Microfluidic strategy for rapid and high-quality control of crystal morphology of explosives

Abstract

The crystal morphology of explosives has a great influence on their detonation performance and safety. In order to realize the crystal morphology control of explosives, a new strategy based on microfluidics was proposed. The new strategy consisting of morphology predictions and microfluidic verification experiments has the characteristics of excellent accuracy, less sample consumption, and fast verification. The shapes and sizes of explosives were predicted by simulations and theoretical analysis with different solvents, respectively. Considering an ideal crystallization environment for verification experiments, the parameters of the microfluidic platform were optimized. Under the optimal parameters, the verification experiments were conducted using a microfluidic platform.

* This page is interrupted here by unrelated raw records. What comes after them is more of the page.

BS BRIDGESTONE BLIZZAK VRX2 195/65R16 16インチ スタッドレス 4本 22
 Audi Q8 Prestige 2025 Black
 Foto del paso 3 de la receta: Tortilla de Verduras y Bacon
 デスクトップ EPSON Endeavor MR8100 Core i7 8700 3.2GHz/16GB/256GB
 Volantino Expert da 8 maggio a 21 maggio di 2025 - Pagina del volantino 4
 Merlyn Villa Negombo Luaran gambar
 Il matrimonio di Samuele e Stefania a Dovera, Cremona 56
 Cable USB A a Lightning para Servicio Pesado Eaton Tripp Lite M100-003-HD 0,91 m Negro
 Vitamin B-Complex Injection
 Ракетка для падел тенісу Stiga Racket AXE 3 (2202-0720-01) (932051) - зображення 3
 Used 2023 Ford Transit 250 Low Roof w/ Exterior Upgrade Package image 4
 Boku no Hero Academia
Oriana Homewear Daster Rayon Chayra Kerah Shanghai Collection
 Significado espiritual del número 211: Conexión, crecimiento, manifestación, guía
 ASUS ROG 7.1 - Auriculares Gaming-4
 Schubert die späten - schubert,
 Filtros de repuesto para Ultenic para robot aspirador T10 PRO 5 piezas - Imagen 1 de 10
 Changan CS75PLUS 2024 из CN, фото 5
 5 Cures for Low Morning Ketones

Here, we used hexanitrohexaazaisowurtzitane (HNIW, also known as CL-20) as a sample to study the applicability of the new strategy for crystal morphology control of explosives. The optimized flow rate ratio and number of chambers were adapted to the verification experiments. It was found that the thicknesses of HNIW have positive correlation with the polarities of the solvents and the sizes have negative correlation with the concentrations, which is in line with predictions. This study demonstrates the feasibility of an efficient, accurate strategy to realize the crystal morphology control of explosives based on a microfluidic platform.